• **PROBLEM TO WORK ON**
Write out every line of the data below exactly as given.

• **DATA BLOCK**
------------------------------------------------
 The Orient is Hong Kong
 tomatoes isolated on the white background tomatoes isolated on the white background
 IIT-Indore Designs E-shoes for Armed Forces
------------------------------------------------
• **COMPLETED EXERCISE**
 The Orient is Hong Kong
 tomatoes isolated on the white background tomatoes isolated on the white background
 IIT-Indore Designs E-shoes for Armed Forces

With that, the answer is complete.